Explicitly Minimizing the Blur Error of Variational Autoencoders
Gustav Bredell, Kyriakos Flouris, Krishna Chaitanya, Ertunc Erdil, Ender Konukoglu
TL;DR
The paper tackles blur in variational autoencoders by explicitly weighting reconstruction errors caused by blur while preserving the ELBO objective. It introduces a Wiener-deconvolution–based weighting in the Fourier domain, tying it to a Gaussian likelihood with a structured covariance $\Sigma_k$ that depends on a per-image kernel predicted by a neural network $G_{\gamma}(z)$. Determinants of the covariance are efficiently computed via circulant matrix properties, enabling tractable optimization with an alternating scheme that updates the VAE parameters and the kernel predictor. Empirical results on CelebA (64×64 and 256×256) and HCP MRI data show sharper reconstructions and improved perceptual metrics (LPIPS, FID) compared to standard and perceptual reconstructions, validating the approach's effectiveness and generality across domains.
Abstract
Variational autoencoders (VAEs) are powerful generative modelling methods, however they suffer from blurry generated samples and reconstructions compared to the images they have been trained on.
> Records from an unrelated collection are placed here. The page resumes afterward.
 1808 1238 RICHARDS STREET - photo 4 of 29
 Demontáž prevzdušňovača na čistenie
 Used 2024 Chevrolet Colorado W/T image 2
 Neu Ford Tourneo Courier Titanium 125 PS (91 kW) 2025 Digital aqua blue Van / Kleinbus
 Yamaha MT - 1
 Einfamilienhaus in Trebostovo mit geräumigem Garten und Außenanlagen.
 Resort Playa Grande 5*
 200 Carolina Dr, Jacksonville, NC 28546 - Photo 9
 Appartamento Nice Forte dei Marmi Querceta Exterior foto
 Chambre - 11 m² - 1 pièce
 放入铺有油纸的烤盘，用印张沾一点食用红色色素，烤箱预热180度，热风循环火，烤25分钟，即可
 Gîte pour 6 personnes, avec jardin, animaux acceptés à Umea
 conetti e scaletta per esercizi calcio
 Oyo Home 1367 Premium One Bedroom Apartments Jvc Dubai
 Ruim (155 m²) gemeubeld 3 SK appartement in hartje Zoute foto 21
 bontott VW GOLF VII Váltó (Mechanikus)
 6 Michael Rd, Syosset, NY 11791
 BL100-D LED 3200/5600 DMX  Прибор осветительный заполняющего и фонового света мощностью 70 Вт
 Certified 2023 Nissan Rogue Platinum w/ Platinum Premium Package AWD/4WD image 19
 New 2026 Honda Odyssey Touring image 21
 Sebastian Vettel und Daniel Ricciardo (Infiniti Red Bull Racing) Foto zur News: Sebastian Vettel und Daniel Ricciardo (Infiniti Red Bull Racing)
Significant research effort has been spent to increase the generative capabilities by creating more flexible models but often flexibility comes at the cost of higher complexity and computational cost. Several works have focused on altering the reconstruction term of the evidence lower bound (ELBO), however, often at the expense of losing the mathematical link to maximizing the likelihood of the samples under the modeled distribution. Here we propose a new formulation of the reconstruction term for the VAE that specifically penalizes the generation of blurry images while at the same time still maximizing the ELBO under the modeled distribution. We show the potential of the proposed loss on three different data sets, where it outperforms several recently proposed reconstruction losses for VAEs.